I took a few minutes to settle, checked my senses, the movement of my fingers and toes, ensured I was well integrated with my body, and that my physical focus was as it should be. Then I started the car. An hour and a half later I arrived in class.
We sat in a circle discussing cases and applications of clinical modalities. I focused on the class and put aside the memory of the morning.
Residual from the morning’s experience I had an overly strong sense of my own conscious presence and energy, as if the energy of my presence was more intense and extending further than I preferred for such an occasion. I felt as my energy and presence filling the room.
I thought my energy might be noticeable to others, so I tried to contain it, to draw it in and damp it down. I should have processed it through the heart and simply released it as love.
During a few moments of group silence when the discussion paused, a woman across the circle looked at me and smiled kindly and daringly, and while holding her gaze she said to the group, “I often get a feeling about Crossbow that he has a secret. As if he knows something really big that he never talks about.” All eyes turned and looked at me expectantly for several moments.

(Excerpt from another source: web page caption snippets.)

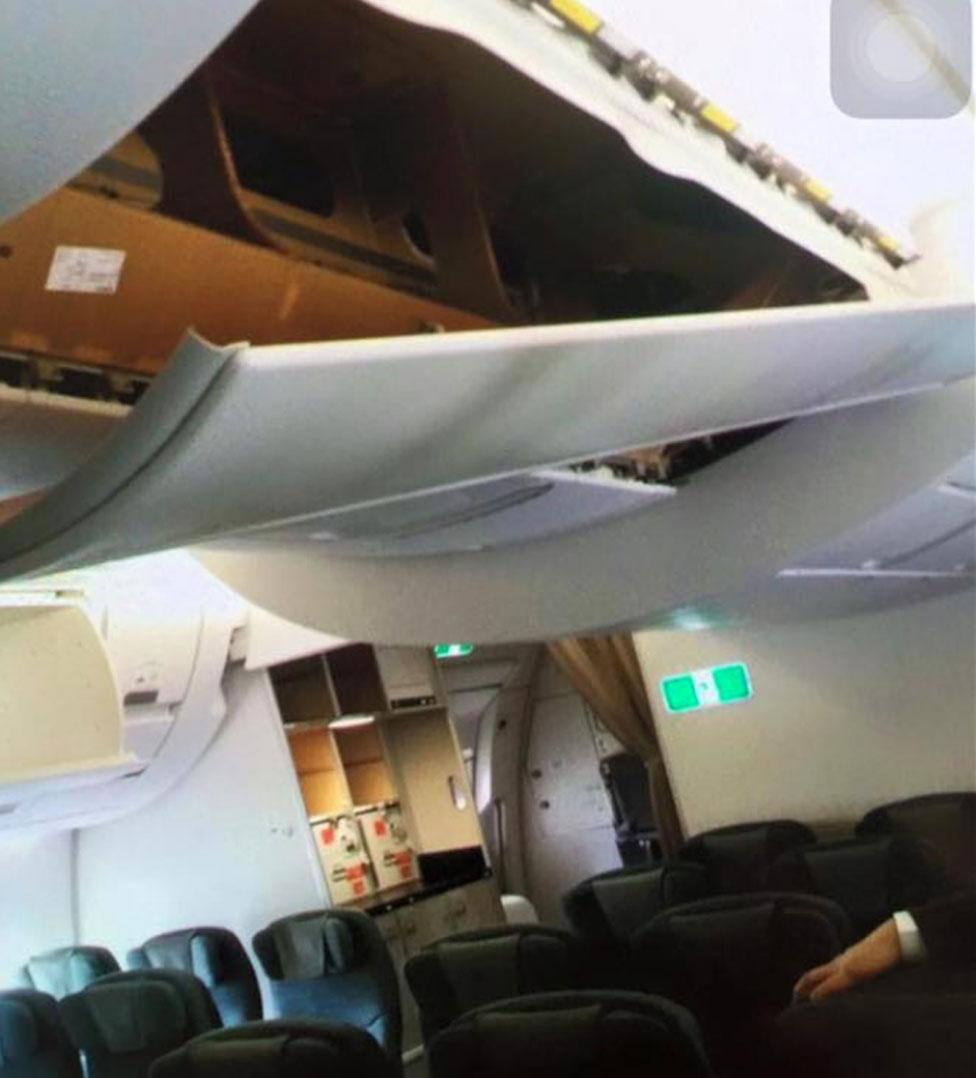 Ceiling panel torn from Cathay Pacific Airbus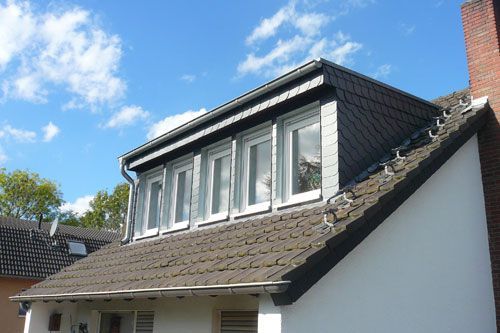 Das Dach eines Hauses hat eine Reihe von Fenstern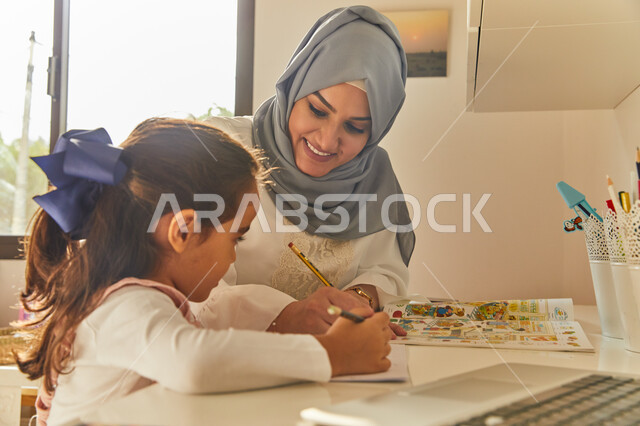 معلمة خصوصي لمتابعة الدروس في المنزل، دمج التعليم مع التقنية والتكنولوجيا، حل الواجبات المنزليه، أم عربية خليجة اماراتية محجبة تقوم بتعليم وتدريس ابنتها، تنمية المهارات الثقافية والقدرات الفكرية للابناء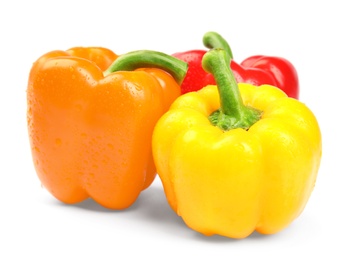 Wet ripe bell peppers on white background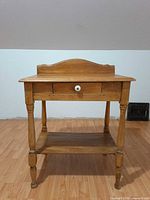 Front view of wooden washstand showing drawer with ceramic knob and lower shelf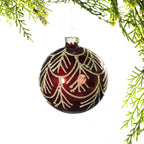 Deep red glass Christmas bauble featuring a gold glitter leaf pattern, hanging from festive greenery against a white background.
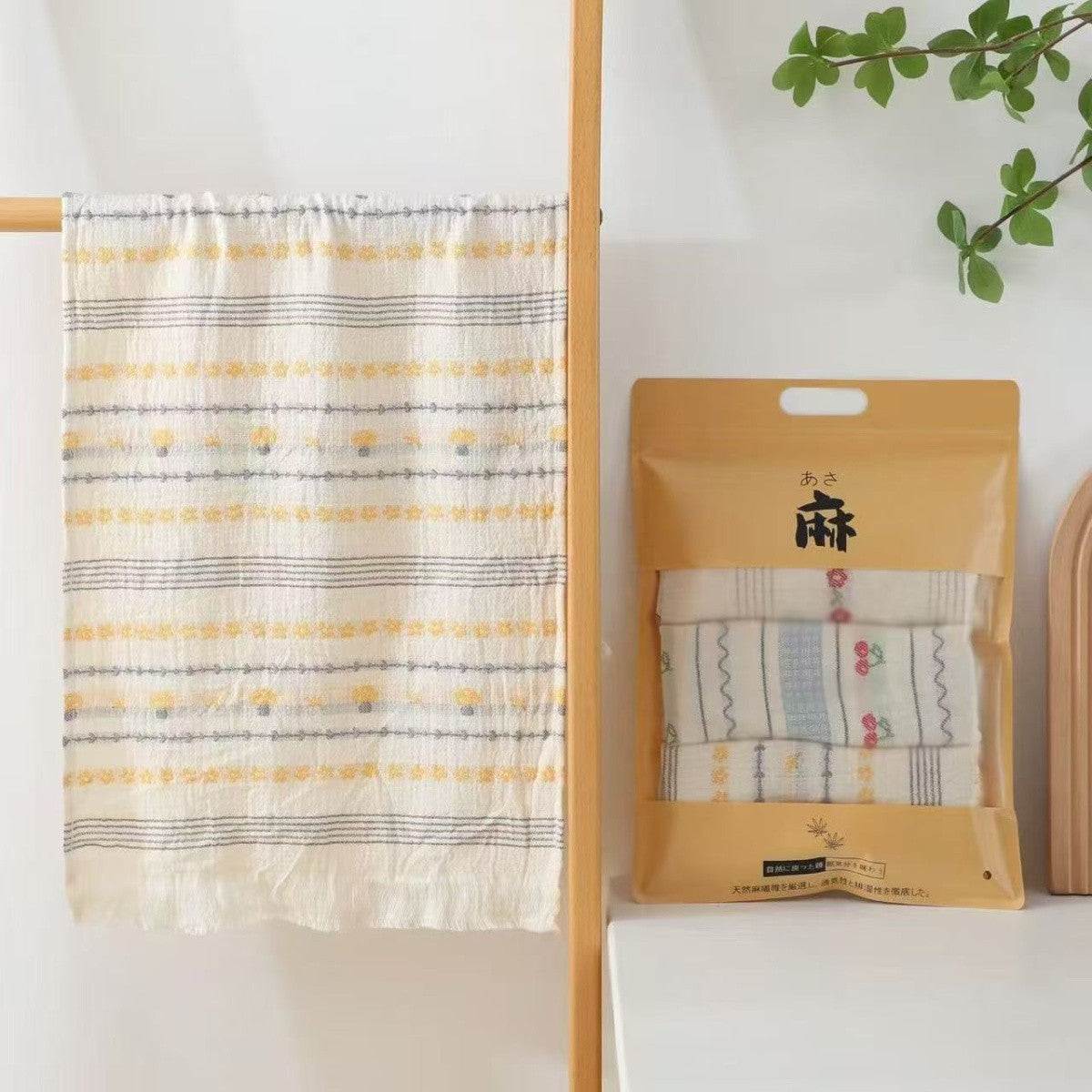 Striped gauze hand towel with small floral accents and matching packaged set
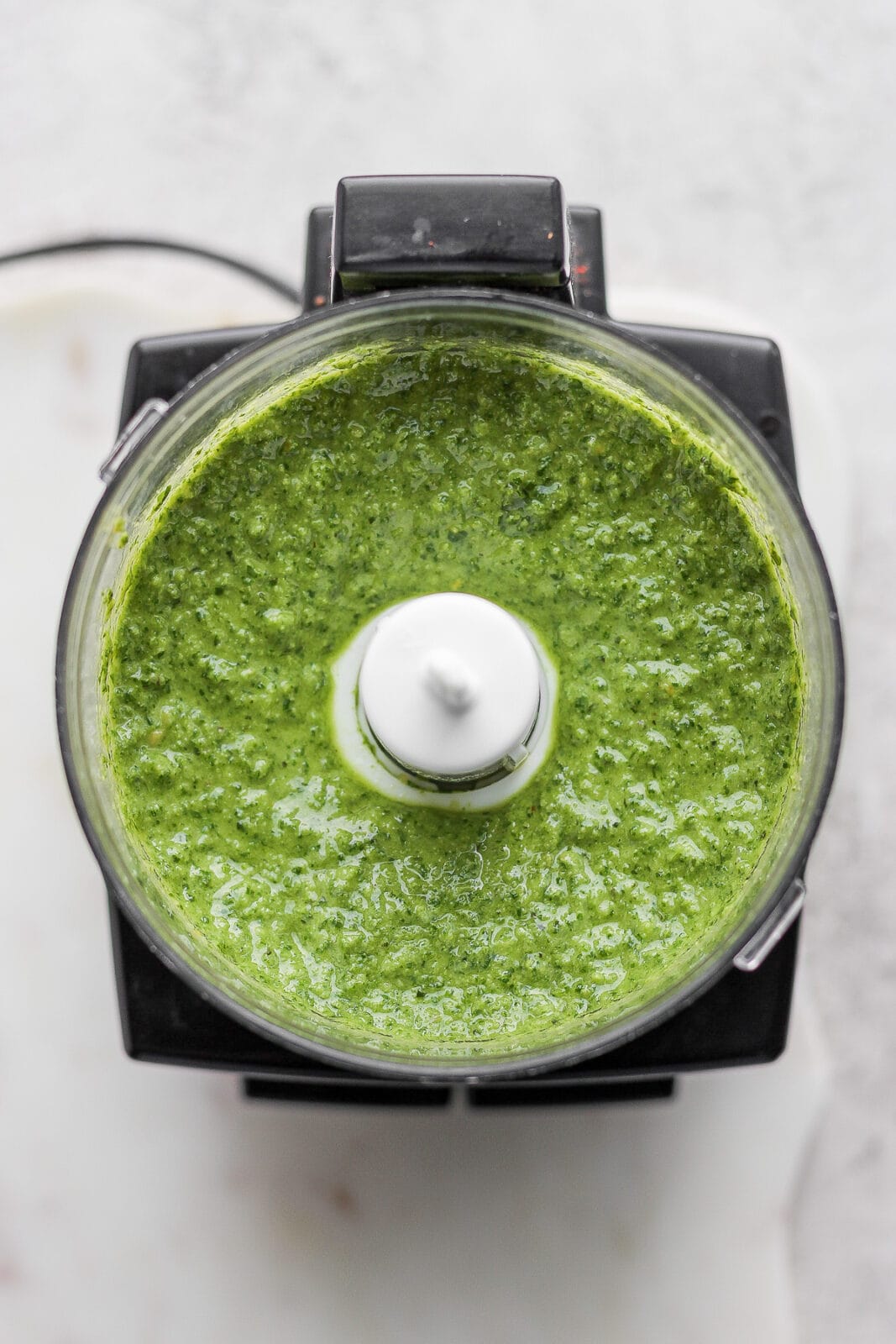 Homemade dairy-free pesto in a food processor.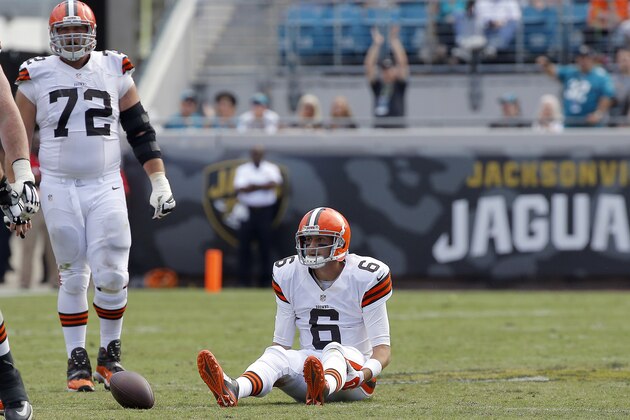 Cleveland Browns quarterback Brian Hoyer (6) sits on the after being sacked by the Jacksonville Jaguars defense during the second half of an NFL football game, Sunday, Oct. 19, 2014, in Jacksonville, Fla. The Jaguars beat the Browns 24-6. (AP Photo/Stephen B. Morton)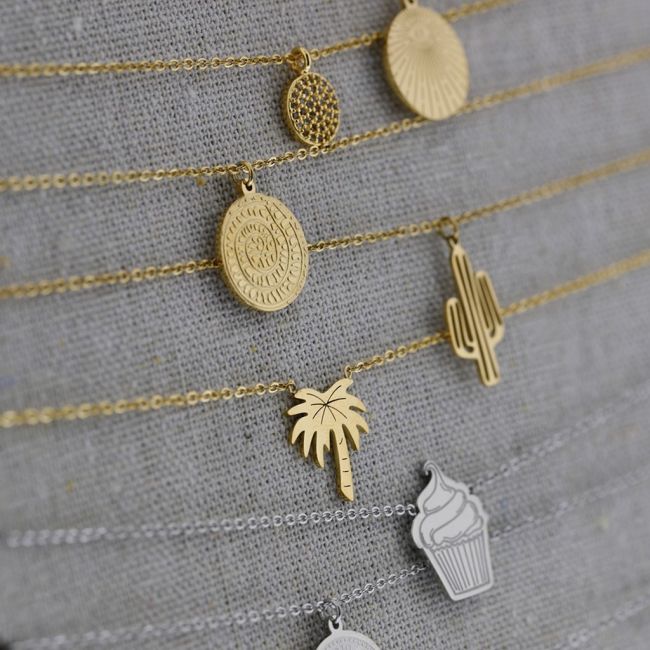 SET OF 12 ASSORTED STEEL SHORT NECKLACES AND DISPLAY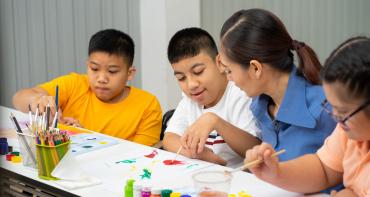 A teacher shows children how to paint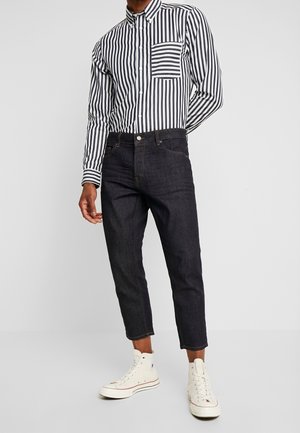 Man draagt zwarte afgekorte jeans, een zwart-wit verticaal gestreept overhemd met knopen en witte hoge sneakers.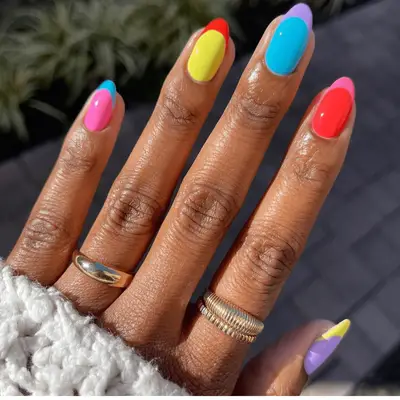 Two hands with manicured French nails, rings, and a watch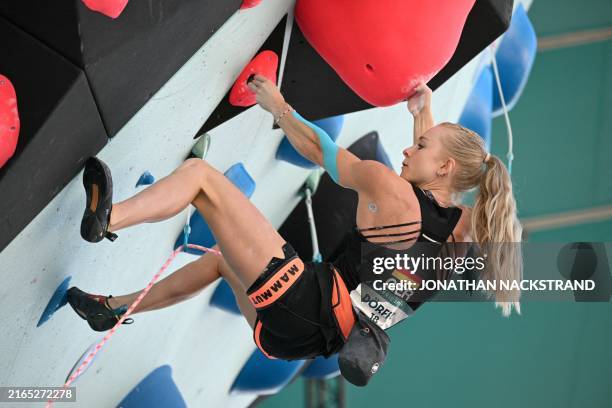 Germany's Lucia Doerffel competes in the women's sport climbing lead semi-final during the Paris 2024 Olympic Games at Le Bourget Sport Climbing...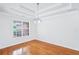 Elegant dining area featuring hardwood floors, decorative chandelier, and a large window offering a pleasant view at 10 Hollow Ct, Covington, GA 30016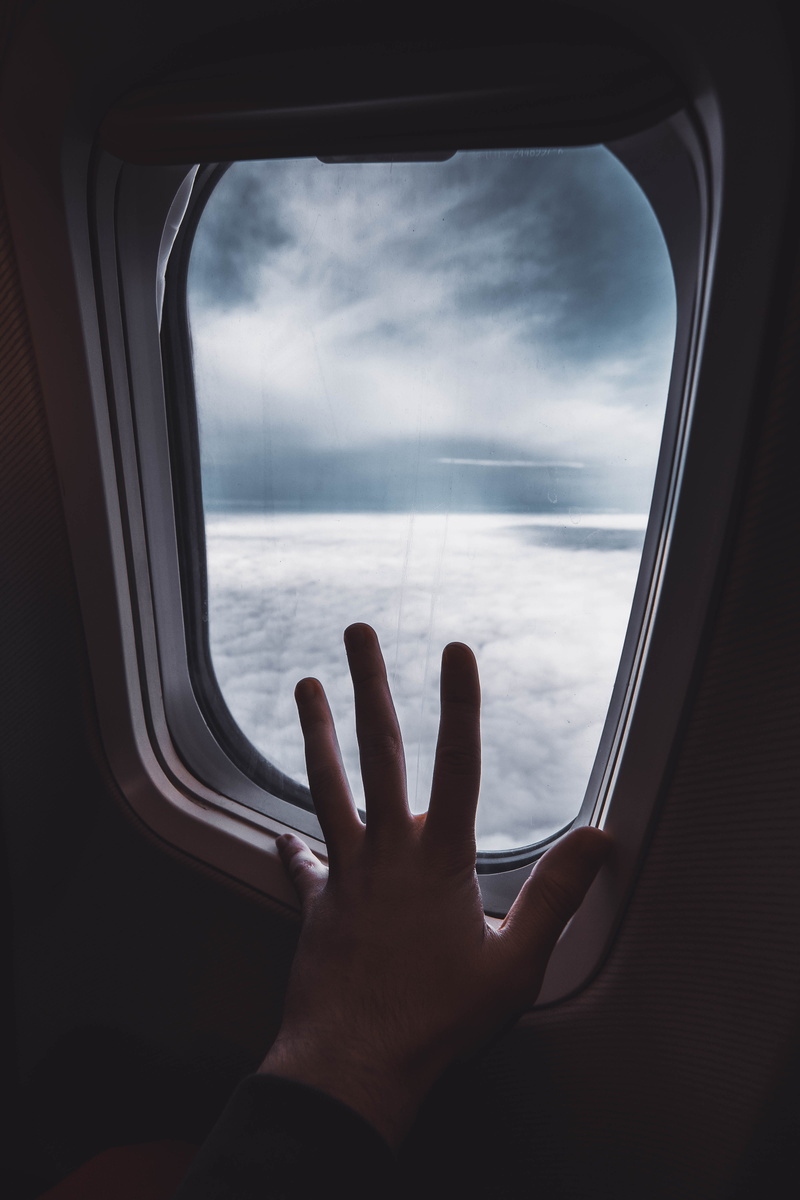 transportation, female, car seat, woman, leisure activity, mode of transportation, human body part, human hand, hole, person, air vehicle, blonde, nature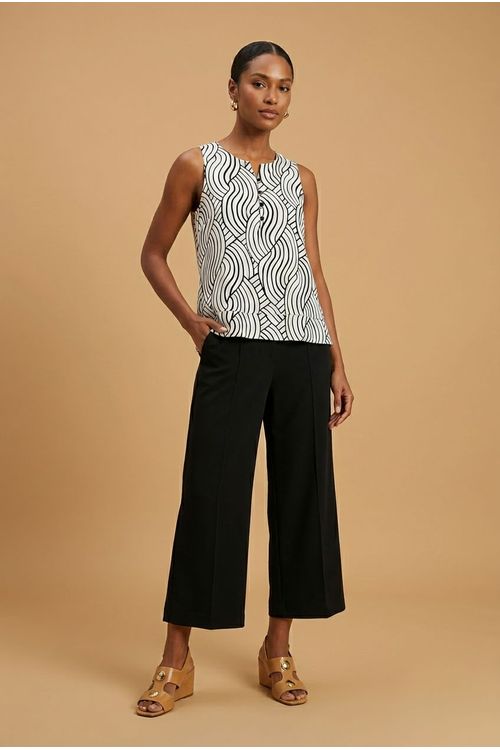 Blusa feminina estampada em preto e branco, sem mangas, com decote canoa e botões frontais, combinada com calça preta e sandálias.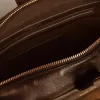 Vita Bag i svart slitet läder med gulddetaljer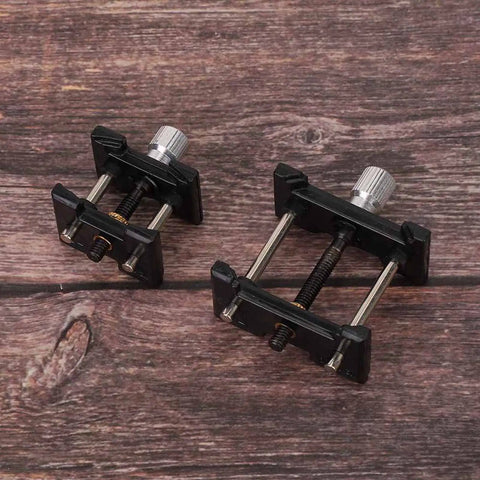 Two Piece Watch Movement Holder Kit With Non Slip Fixed Base and Plastic Repair Tool on wooden surface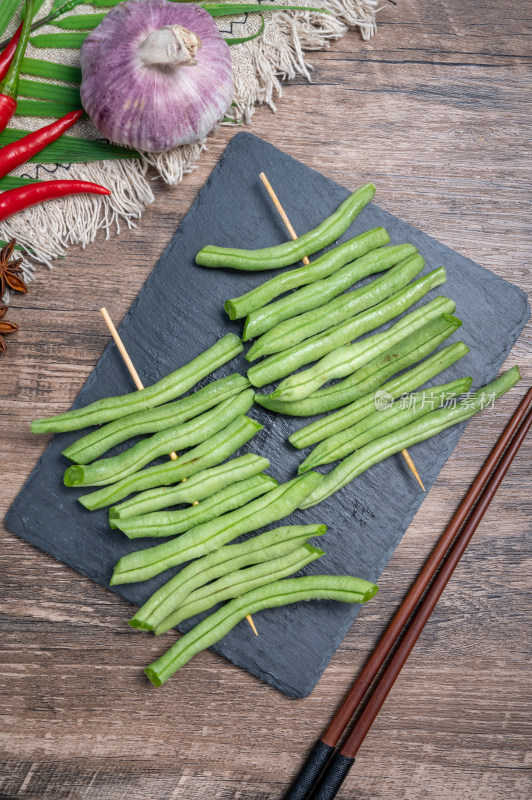 石板上串好的新鲜豆角串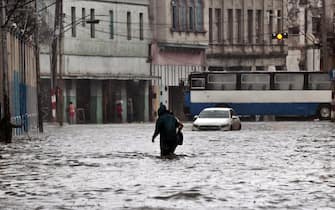 epa09994485 Several people walk along a flooded street in Havana, Cuba, 03 June 2022. The remnant of Hurricane Agatha, which left nine dead and four missing in Mexico, is causing intense and persistent rains this Friday in western Cuba. The island's authorities have already warned about this meteorological phenomenon, which according to the US National Hurricane Center (NHC) continues to strengthen and may become the first tropical storm in the Atlantic this season.  EPA/Ernesto Mastrascusa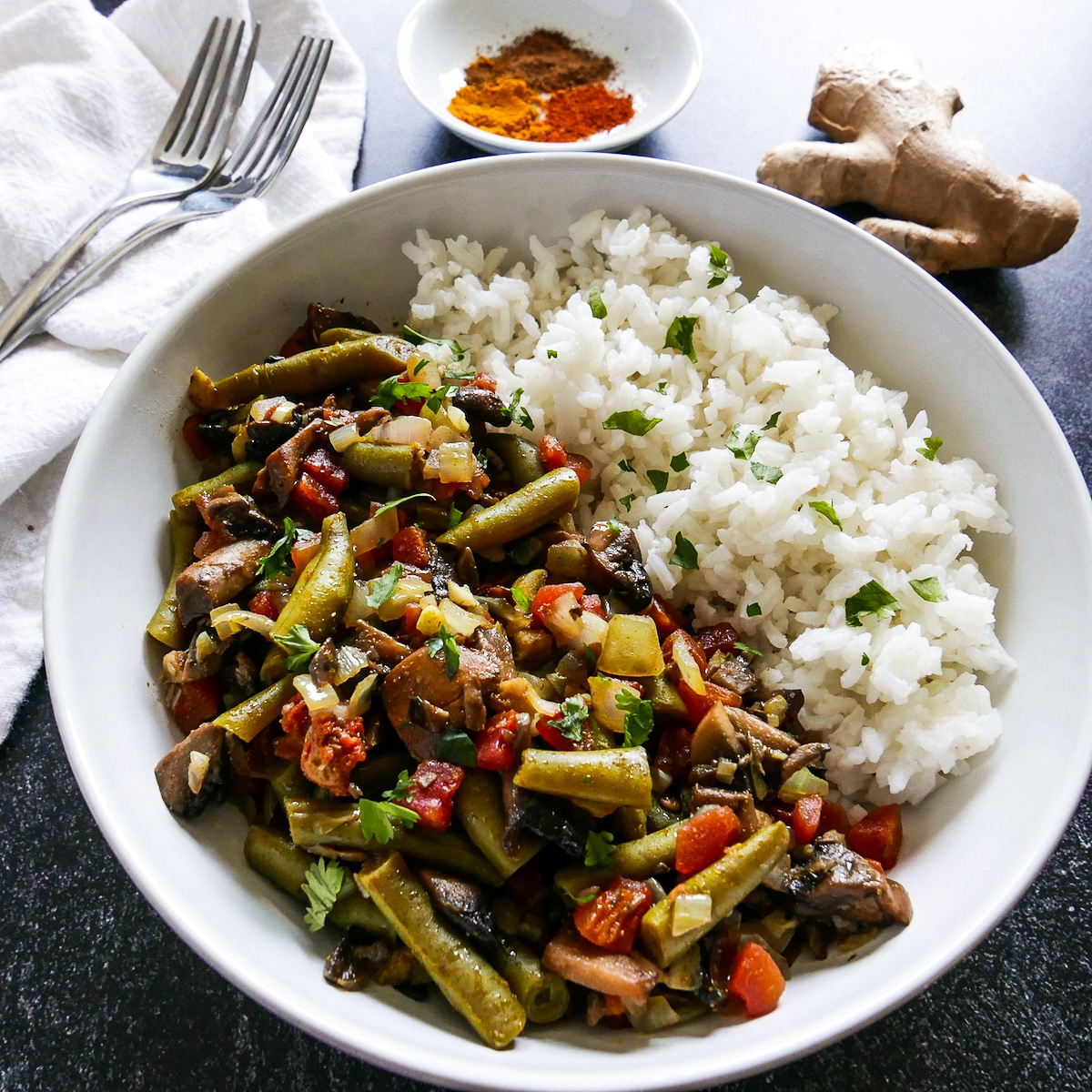 Curry in a white bowl with white rice and ginger and spices in the background.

I mixed an amused smile with a dismissive frown and a little huff, hoping that would dissuade any attempts from others in the class to follow her lead. It worked. After a few moment’s silence and me not responding further, the class’s attention turned from me back to discussion of clinical modalities and case histories. Had it not worked my next line of distraction would have been to tell a joke. For I have kept these things strictly secret for most of my life.